Documentary Review: Rocky Road to Dublin

Rocky Road to Dublin

This documentary film has only recently come to light again after being missing in action for the last forty years. Made by Peter Lennon in 1967, it features cinematography by Raoul Coutard who was hugely influential in the Nouvelle Vague school of French cinema. 

It’s a partly affectionate and partly scathing portrait of a country just beginning modernization but still struggling to look outward into a world that it had long held at arm’s length. On St. Patrick’s Day 1943 the then Taoiseach (Prime Minister) of Ireland, Eamonn DeValera, made a famous radio speech in which he said “The ideal Ireland that we would have, the Ireland that we dreamed of, would be the home of a people who valued material wealth only as a basis for right living, of a people who, satisfied with frugal comfort, devoted their leisure to the things of the spirit – a land whose countryside would be bright with cosy homesteads, whose fields and villages would be joyous with the sounds of industry, with the romping of sturdy children, the contest of athletic youths and the laughter of happy maidens, whose firesides would be forums for the wisdom of serene old age. The home, in short, of a people living the life that God desires that men should live.”  In keeping with this vision Ireland had become a society uninvolved with the rest of the world. Even the Second World War was not acknowledged as such. In a neutral Ireland it was known as The Emergency. Strenuous attempts were made to resist contamination of the Irish psyche by jazz music, English novels and films, immoral dancing and the myriad possible temptations of the modern world. Attempts were made to codify and categorize native Irish culture and sports — attempts that in the case of Irish traditional music often drove the means of its survival into the industrial cities of England and the US.
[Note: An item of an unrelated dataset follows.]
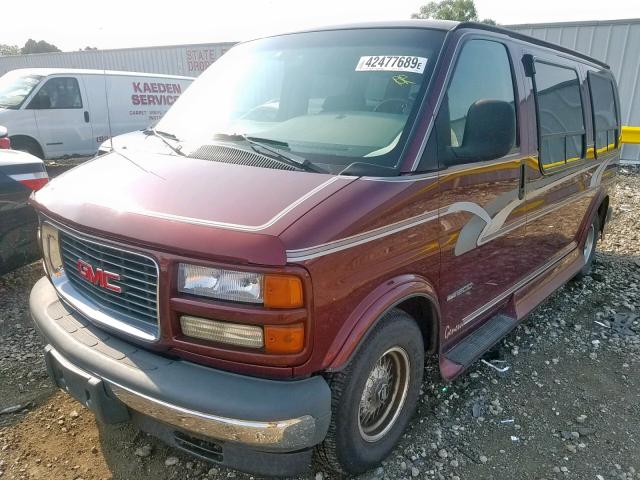 1GDFG15R1T1021940 - 1996 GMC SAVANA RV BURGUNDY photo 2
The tone of the film is apparent very early on. The writer Seán O’Faoláin who had fought in the Irish Civil War and was author of the cultural history, ‘The Irish’, speaks of the post-1916 generation. He says: “The kind of society that actually grew up was a society of what I call urbanized peasants. They were a society which was without moral courage, constantly observing a self-interested silence, never speaking in moments of crisis and in constant alliance with a completely obscurantist, repressive, regressive and uncultivated Church.” A very different tone from that of DeValera. Or as Bulmer Hobson, one of the main actors of the 1916 said in 1956 — quoted in Roy Foster’s Vivid Faces“I cannot and will not write about the people and times when we were young, for reasons that are long and complicated. Briefly the phoenix of our youth has fluttered to earth such a miserable old hen I have no heart for it …”

The film was entered at the Cannes film festival in 1968 and was shown just before the the festival was abandoned in support of student protests of that year. It managed to have a brief run of two weeks in Dublin to sold-out audiences. It has never been shown on Irish television and despite the (not surprising) snub that it received in Ireland it became a huge success with those very students who brought the Cannes film festival to close. The film provided a cautionary answer to the old question of “What do you do with your revolution now that you have it?’ In Ireland that answer, sadly, was “Give it to the Church and the bourgeoisie.” 

The full film is actually now available for viewing on Youtube. The quality of the file conversion was not terribly good so the resolution is poor compared to the DVD. It's still quite watchable though.